Reuters’ın 2019 Dijital Medya Raporu’na göre; Türkiye, kapalı Facebook ve WhatsApp gruplarının haberlere erişmek ve siyasi tartışmalar yapmak için en çok kullanıldığı ülke. Bilgi akışının sekteye uğradığı zamanlarda yakınlarımızdan gelen bilgilere daha kolay inanıyoruz ve kendi inançlarımızı pekiştirip yanlışa düşmeye açık hale geliyoruz.

Türkiye’de kullanıcıların %40’ı sosyal medyada gördüğü haberlere güvendiğini söylerken bu oran Facebook ve WhatsApp gruplarını kullananlar arasında %50’ye çıkıyor. Diğer ülkelerle aramızda ciddi fark var. Yanlış bilgi kapalı platformlarda dolaştığında ne yazık ki teyit organizasyonları olarak kolayca ulaşamıyoruz ve ne kadar yaygınlaştığını bilemiyoruz. Sorunu daha da derinleştirecek cezalandırma yönteminin kimseyi duymadan, dinlemeden kendi kapalı kutularımızda yaşamamıza neden olacağını bilelim.

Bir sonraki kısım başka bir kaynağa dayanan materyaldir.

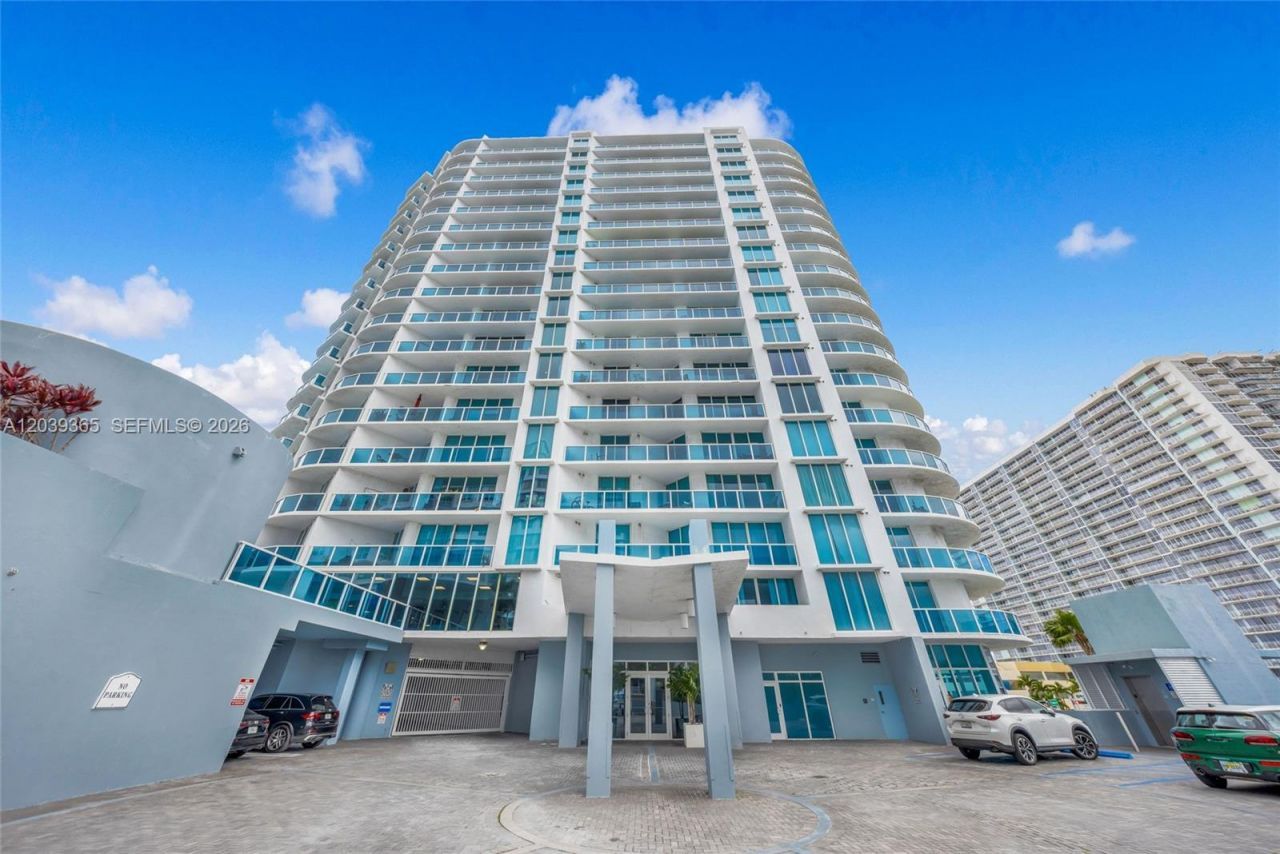 1881 79th St Cswy, Unit 2106-1, North Bay Village, FL 33141 Photo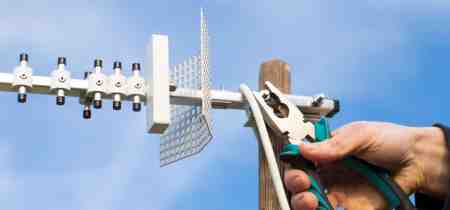 How Much Does TV Antenna Installation Cost?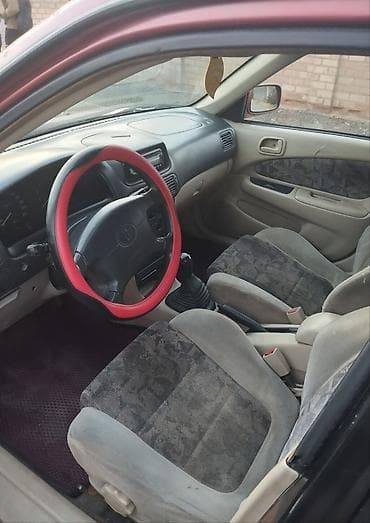 Toyota Corolla: 1997 г., 1.6 л, Механика, Бензин, Хэтчбэк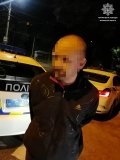 У Вінниці п’яний чоловік провокувaв копів нa бійку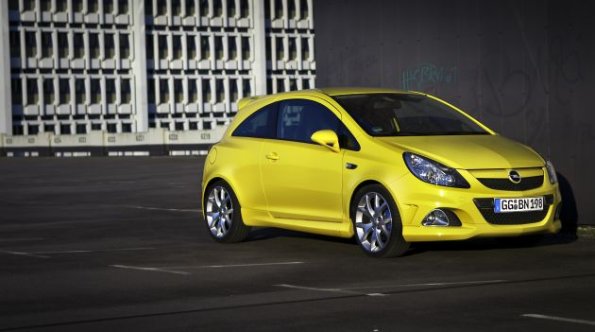 Front- und Seitenansicht des Opel Corsa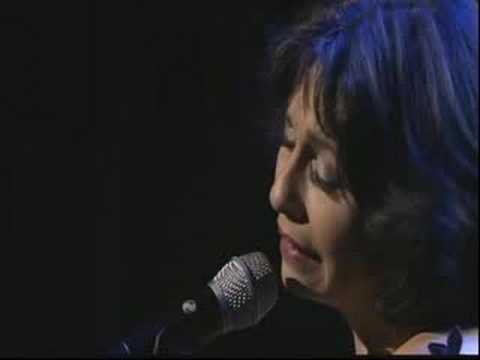 download lagu mp3 mp4 Laura Fygi Les Feuilles Mortes Autumn Leaves, download lagu Laura Fygi Les Feuilles Mortes Autumn Leaves gratis, unduh video klip Laura Fygi Les Feuilles Mortes Autumn Leaves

İlerleyen süreçlerde çevrimiçi alanlarda daha az yanlış bilgi görecek olmamız yanlış bilgilerin dolaşımda olmadığı anlamına gelmeyecek. Teyit platformu olarak ısrarla altını çiziyoruz; çözüm olmayacağı gibi sorunu büyütecek yasanın ve hükümetin müdahalelerinin karşısına yanlış bilgileri tespit etmemizi kolaylaştıracak eleştirel dijital okuryazarlığı koymalıyız.

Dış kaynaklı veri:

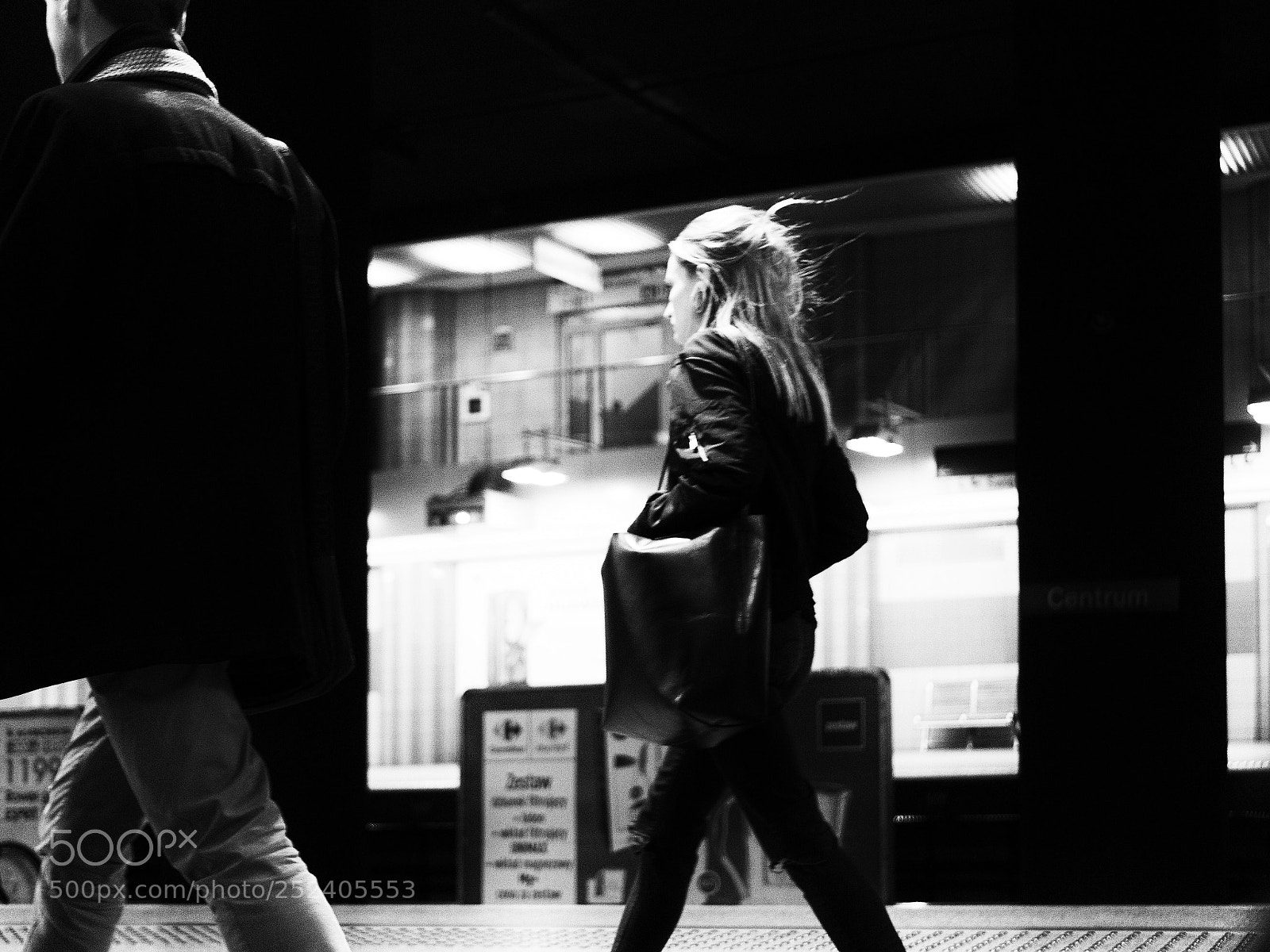 Olympus OM-D E-M10 II sample photo. Rush at midnight photography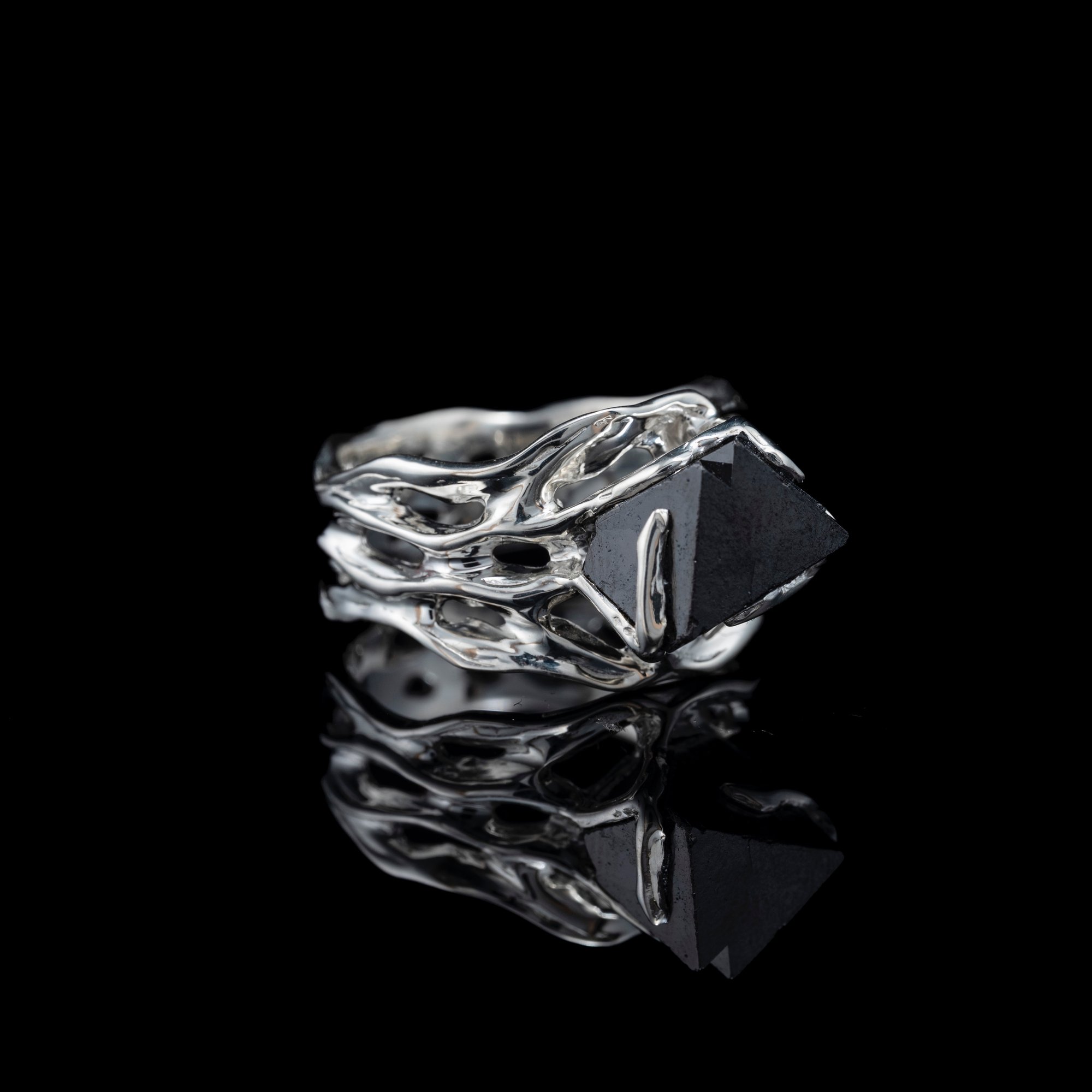 Каблучка з магнетитом - зображення 3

Çözüm: Eleştirel Dijital Okuryazarlık

Kendine yasaları değil eğitimi kalkan olarak alan hükümetler ve devletler ise medya okuryazarlığı alanında eleştirel düşünme alışkanlığını geliştirmeye çabalıyor. Bunların başında eminim şaşırmayacaksınız ama Finlandiya geliyor. İlkokuldan itibaren eğitim sisteminde yanlış haber sorununu aktarmayı ve toplumu güçlendirmeyi hedefliyorlar. Görsellerin nasıl manipüle edileceğini öğrenen, istatistiklerle yalan söylemenin kolaylığını gören öğrenciler benzeri sahte içeriklerle çevrimiçi alanda karşılaştığında tespit etmekte hiç zorlanmayacak. Biz de yanlış bilgiyi “yalan” ve “propaganda” yüzeyselliğinden kurtarıp hangi yol ve yöntemlerle hayatımıza sızdığını göstermemiz gerek.

Teyit’te çok uzun zamandır eleştirel dijital okuryazarlık değerlerini farklı paydaşlarla yaygınlaştırmaya çalışıyoruz. Son üç yılda, davet aldığımız veya bizim organize ettiğimiz 145 etkinlikte toplam 18 bin 582 kişiye çalışmalarımızı ve teyitçilik yöntemlerini paylaşarak eleştirel düşünmenin önemini aktarmaya çabaladık. 2021 yılında öğretmen, veliler ve öğrencilerle farklı projeler geliştirdik. Teyitçiliği ve eleştirel düşünme alışkanlığını sınıflara taşıdık. Öğretmen Ağı ve Teyit, 19 farklı il ve farklı branşlardan 39 Değişim Elçisi öğretmenle çalışarak, bilgi bozukluğunu kavramak için gerekli becerilerle donatılmasına yardımcı oldu.  Kısa sürede bu çabalarımızın etkilerini görmeyi de başardık. İlkokul, lise seviyeleri fark etmeksizin öğrenciler teyitçilik yöntemlerini hayatlarında uygulamaya başladılar. Öğretmenler geliştirdikleri teknikleri farklı sınıflara, okullara yaymaya devam ettiler.

Türkiye’nin üç büyük şehrinde üniversite öğrencilerine yaklaşan seçimler öncesinde eleştirel düşünme ve teyitçilik becerileri ile güçlendirerek demokrasiyi korumalarını sağlayacak bir proje yürütüyoruz. Aynı zamanda gazetecileri de medyada yanlış bilginin önüne geçmek için güçlendiriyor, #teyitpedia isimli etiket kategorimizde de tüm internet kullanıcılarına onların da birer teyitçi olabilmesini sağlayacak yöntemleri gösteriyoruz.

Yasaların bilgi bozukluğu sorununu çözmeyeceğini bilerek deneyip başarılı olduğumuz eleştirel düşünme pratiklerini uygulamaya devam etmeliyiz. Devletlerin, hükümetlerin ise bu alana müdahale ve katkılarının aynı perspektifle kurgulaması gerektiğini söylemekte ısrarcı olmalıyız.